----- Supplied entries -----
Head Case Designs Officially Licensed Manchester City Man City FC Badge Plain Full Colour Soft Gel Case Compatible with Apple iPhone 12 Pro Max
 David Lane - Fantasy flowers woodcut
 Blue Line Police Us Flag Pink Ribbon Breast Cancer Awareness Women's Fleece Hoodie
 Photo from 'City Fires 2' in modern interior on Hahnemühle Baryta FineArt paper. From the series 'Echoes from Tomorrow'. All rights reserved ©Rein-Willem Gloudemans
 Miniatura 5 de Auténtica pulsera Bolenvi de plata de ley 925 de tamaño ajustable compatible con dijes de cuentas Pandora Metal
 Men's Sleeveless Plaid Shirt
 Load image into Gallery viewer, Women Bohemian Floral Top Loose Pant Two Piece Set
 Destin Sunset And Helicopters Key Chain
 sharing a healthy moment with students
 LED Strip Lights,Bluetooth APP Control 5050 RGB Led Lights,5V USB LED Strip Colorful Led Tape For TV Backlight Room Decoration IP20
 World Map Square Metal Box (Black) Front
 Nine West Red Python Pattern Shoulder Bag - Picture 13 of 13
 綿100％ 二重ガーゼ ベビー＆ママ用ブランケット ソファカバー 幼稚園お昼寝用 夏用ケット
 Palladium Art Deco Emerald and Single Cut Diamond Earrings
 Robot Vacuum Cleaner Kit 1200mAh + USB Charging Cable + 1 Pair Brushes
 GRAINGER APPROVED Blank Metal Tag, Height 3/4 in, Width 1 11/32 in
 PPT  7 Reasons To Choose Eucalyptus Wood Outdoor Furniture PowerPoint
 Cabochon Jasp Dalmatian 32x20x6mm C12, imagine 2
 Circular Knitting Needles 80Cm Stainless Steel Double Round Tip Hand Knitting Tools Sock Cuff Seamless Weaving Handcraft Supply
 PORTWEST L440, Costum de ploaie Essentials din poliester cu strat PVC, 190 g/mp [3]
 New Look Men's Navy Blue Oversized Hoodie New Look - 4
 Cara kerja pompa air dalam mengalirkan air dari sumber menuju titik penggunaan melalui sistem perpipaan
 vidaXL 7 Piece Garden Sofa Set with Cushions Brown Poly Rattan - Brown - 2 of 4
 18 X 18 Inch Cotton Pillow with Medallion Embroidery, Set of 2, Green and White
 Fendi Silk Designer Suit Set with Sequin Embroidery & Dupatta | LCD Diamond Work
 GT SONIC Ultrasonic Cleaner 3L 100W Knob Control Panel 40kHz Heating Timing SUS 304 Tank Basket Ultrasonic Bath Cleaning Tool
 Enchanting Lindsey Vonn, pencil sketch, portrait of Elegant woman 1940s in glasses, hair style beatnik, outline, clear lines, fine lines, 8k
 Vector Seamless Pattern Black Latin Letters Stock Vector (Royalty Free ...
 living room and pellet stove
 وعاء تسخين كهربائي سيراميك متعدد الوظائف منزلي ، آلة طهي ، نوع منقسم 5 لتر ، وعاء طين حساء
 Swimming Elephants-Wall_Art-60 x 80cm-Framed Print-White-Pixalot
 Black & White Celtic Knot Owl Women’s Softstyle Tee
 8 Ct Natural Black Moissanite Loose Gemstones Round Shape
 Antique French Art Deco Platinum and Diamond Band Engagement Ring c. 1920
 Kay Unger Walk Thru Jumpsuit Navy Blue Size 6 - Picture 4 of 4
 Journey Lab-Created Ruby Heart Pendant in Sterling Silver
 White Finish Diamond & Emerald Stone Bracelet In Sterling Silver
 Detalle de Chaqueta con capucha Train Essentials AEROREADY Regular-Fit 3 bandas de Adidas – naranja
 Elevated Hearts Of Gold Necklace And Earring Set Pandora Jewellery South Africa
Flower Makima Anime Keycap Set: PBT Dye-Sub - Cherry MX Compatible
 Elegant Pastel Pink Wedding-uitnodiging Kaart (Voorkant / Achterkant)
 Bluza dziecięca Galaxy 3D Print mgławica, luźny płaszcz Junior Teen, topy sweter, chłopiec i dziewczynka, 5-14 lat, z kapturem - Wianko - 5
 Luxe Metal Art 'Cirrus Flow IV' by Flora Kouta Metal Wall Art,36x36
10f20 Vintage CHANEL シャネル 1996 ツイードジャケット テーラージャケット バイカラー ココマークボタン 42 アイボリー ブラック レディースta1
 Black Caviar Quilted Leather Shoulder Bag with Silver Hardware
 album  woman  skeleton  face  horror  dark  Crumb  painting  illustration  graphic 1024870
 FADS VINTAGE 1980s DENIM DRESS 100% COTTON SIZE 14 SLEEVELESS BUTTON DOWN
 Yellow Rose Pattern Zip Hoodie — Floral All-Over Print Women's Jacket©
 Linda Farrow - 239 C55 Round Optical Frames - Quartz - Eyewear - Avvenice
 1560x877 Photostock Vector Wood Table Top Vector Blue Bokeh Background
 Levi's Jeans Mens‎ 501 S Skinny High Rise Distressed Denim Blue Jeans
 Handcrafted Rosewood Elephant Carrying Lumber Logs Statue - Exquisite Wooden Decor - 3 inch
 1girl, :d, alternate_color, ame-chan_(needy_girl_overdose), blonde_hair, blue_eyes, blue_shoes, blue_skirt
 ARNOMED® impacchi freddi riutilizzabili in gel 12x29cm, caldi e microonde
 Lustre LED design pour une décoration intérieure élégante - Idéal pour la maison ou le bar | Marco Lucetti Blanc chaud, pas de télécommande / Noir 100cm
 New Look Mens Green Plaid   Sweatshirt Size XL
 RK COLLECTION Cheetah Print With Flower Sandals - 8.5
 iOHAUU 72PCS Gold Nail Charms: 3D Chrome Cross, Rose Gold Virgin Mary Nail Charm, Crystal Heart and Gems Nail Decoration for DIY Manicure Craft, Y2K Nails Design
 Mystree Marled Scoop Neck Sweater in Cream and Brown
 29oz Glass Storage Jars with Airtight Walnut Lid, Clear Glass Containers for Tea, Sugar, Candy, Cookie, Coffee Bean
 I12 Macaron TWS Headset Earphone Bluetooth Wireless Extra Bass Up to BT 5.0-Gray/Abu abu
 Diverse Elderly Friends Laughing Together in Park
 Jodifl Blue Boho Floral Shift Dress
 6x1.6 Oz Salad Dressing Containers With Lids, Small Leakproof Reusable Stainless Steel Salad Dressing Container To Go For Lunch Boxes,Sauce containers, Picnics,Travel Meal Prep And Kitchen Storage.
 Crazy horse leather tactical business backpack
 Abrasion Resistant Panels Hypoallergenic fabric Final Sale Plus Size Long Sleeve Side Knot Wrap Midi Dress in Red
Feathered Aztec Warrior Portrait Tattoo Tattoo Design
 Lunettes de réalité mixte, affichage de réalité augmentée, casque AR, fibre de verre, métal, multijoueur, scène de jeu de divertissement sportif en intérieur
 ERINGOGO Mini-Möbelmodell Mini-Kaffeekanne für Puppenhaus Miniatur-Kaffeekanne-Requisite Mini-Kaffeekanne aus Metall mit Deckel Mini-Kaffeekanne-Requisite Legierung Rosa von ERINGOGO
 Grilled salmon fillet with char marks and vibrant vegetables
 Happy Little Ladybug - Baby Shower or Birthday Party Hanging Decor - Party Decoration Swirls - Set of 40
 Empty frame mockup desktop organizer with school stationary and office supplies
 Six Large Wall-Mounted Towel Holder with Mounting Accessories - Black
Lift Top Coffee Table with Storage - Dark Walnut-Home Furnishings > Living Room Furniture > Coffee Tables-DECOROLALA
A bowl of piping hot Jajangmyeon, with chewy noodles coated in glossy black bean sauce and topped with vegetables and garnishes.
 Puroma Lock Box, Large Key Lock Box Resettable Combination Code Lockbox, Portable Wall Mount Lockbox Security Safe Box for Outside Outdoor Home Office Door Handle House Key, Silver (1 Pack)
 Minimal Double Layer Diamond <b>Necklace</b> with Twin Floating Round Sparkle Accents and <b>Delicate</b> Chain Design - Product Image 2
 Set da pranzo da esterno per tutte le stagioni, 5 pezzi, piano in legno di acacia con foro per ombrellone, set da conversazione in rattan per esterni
-----
### Required work
Using the entries above, output exactly the lines between the line holding "Black Caviar Quilted" and the line holding "ARNOMED® impacchi freddi", end lines included, and nothing more.

### Answer section
 Black Caviar Quilted Leather Shoulder Bag with Silver Hardware
 album  woman  skeleton  face  horror  dark  Crumb  painting  illustration  graphic 1024870
 FADS VINTAGE 1980s DENIM DRESS 100% COTTON SIZE 14 SLEEVELESS BUTTON DOWN
 Yellow Rose Pattern Zip Hoodie — Floral All-Over Print Women's Jacket©
 Linda Farrow - 239 C55 Round Optical Frames - Quartz - Eyewear - Avvenice
 1560x877 Photostock Vector Wood Table Top Vector Blue Bokeh Background
 Levi's Jeans Mens‎ 501 S Skinny High Rise Distressed Denim Blue Jeans
 Handcrafted Rosewood Elephant Carrying Lumber Logs Statue - Exquisite Wooden Decor - 3 inch
 1girl, :d, alternate_color, ame-chan_(needy_girl_overdose), blonde_hair, blue_eyes, blue_shoes, blue_skirt
 ARNOMED® impacchi freddi riutilizzabili in gel 12x29cm, caldi e microonde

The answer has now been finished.